Work task ::
Please restate each entry that appears below word for word, without its pictures.

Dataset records
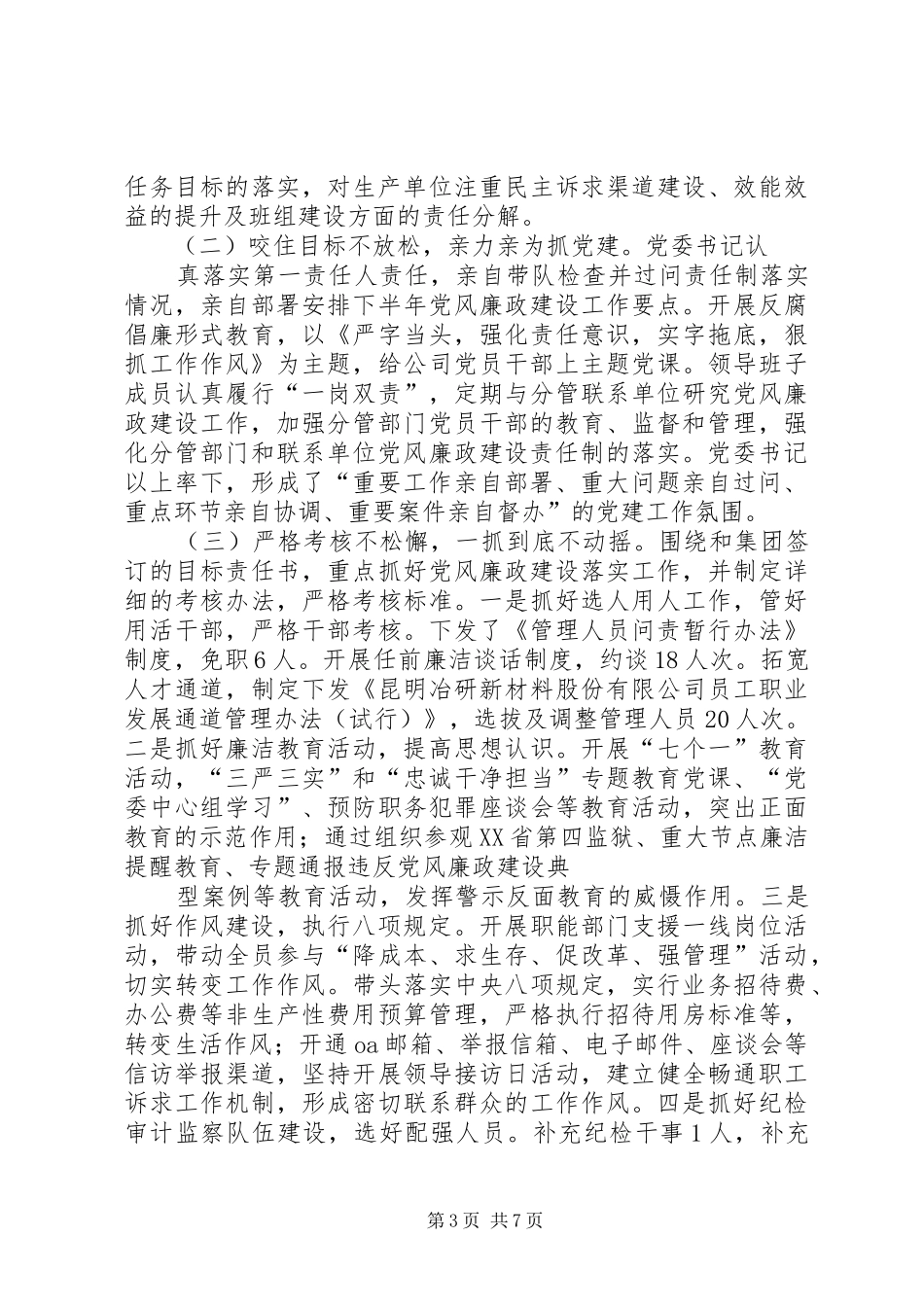 2024年经信委纪检监察工作总结_第3页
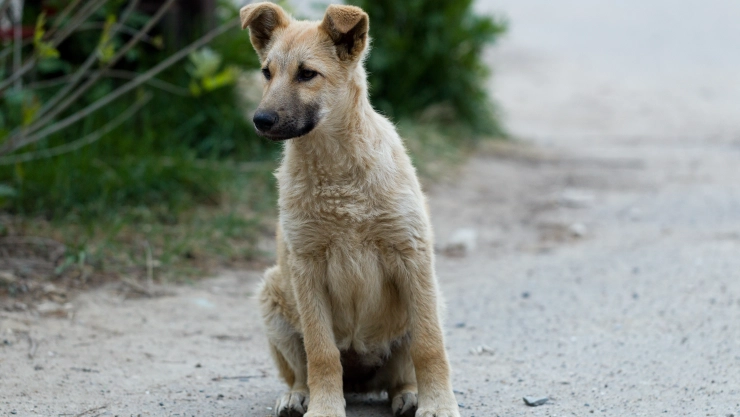 Aumenta de abandono de perros en puerto de Yucatán, huracán Milton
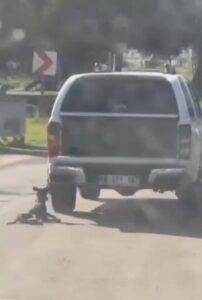 Fırat AKAY/BODRUM (Muğla), (DHA)-MUĞLA'nın Milas ilçesinde kamyonete bağlanarak sürüklenen bir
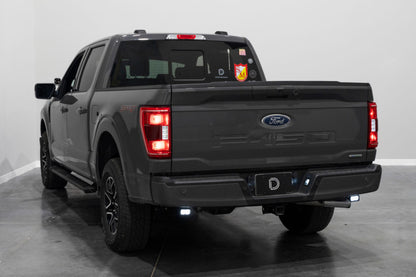 Diode Dynamics 21-22 Ford F-150 Stage Series Reverse Light Kit C1 Pro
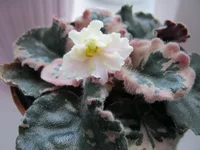 IMG_0096.webp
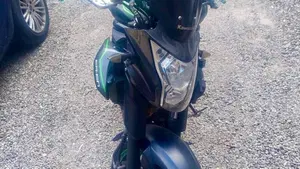 Kawasaki ER-6N ABS (2012 - 16)  (2)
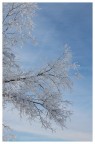 una dolce nevicata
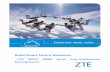 Build Smart Future Networks - Liberty Port · ---ZTE ZXR10 3900E Series Easy-maintenance ... CE to reduce the number of CE equipment and reduce interface requirement for PE. ... Congestion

Task answer ::
 2024年经信委纪检监察工作总结_第3页
 Aumenta de abandono de perros en puerto de Yucatán, huracán Milton
 Fırat AKAY/BODRUM (Muğla), (DHA)-MUĞLA'nın Milas ilçesinde kamyonete bağlanarak sürüklenen bir
 Diode Dynamics 21-22 Ford F-150 Stage Series Reverse Light Kit C1 Pro
 IMG_0096.webp
 Kawasaki ER-6N ABS (2012 - 16)  (2)
 una dolce nevicata
 Build Smart Future Networks - Liberty Port · ---ZTE ZXR10 3900E Series Easy-maintenance ... CE to reduce the number of CE equipment and reduce interface requirement for PE. ... Congestion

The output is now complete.